Records from a dataset:
· · · ·

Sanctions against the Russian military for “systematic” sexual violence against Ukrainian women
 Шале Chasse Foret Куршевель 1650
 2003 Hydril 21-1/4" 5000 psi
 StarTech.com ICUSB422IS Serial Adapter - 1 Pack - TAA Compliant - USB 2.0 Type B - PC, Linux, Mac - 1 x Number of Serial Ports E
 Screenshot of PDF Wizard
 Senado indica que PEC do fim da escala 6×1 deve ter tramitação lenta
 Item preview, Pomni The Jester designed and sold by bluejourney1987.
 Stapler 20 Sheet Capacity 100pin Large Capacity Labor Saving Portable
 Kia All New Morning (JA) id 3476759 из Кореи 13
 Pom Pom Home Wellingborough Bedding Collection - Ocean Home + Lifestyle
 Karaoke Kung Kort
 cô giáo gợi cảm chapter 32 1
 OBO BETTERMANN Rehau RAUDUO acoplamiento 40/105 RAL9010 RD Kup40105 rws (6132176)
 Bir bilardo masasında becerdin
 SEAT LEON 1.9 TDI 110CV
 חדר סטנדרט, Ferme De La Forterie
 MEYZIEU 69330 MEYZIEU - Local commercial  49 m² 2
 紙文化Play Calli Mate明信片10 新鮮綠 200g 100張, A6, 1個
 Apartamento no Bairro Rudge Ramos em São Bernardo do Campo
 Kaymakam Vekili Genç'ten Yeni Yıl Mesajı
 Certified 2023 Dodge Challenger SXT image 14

· · · ·

#### [INSTRUCTIONS TO FOLLOW]
Starting at the line that contains "Pom Pom Home", copy each line through the last one in the records, exactly, and output nothing else.

#### [YOUR RESPONSE]
 Pom Pom Home Wellingborough Bedding Collection - Ocean Home + Lifestyle
 Karaoke Kung Kort
 cô giáo gợi cảm chapter 32 1
 OBO BETTERMANN Rehau RAUDUO acoplamiento 40/105 RAL9010 RD Kup40105 rws (6132176)
 Bir bilardo masasında becerdin
 SEAT LEON 1.9 TDI 110CV
 חדר סטנדרט, Ferme De La Forterie
 MEYZIEU 69330 MEYZIEU - Local commercial  49 m² 2
 紙文化Play Calli Mate明信片10 新鮮綠 200g 100張, A6, 1個
 Apartamento no Bairro Rudge Ramos em São Bernardo do Campo
 Kaymakam Vekili Genç'ten Yeni Yıl Mesajı
 Certified 2023 Dodge Challenger SXT image 14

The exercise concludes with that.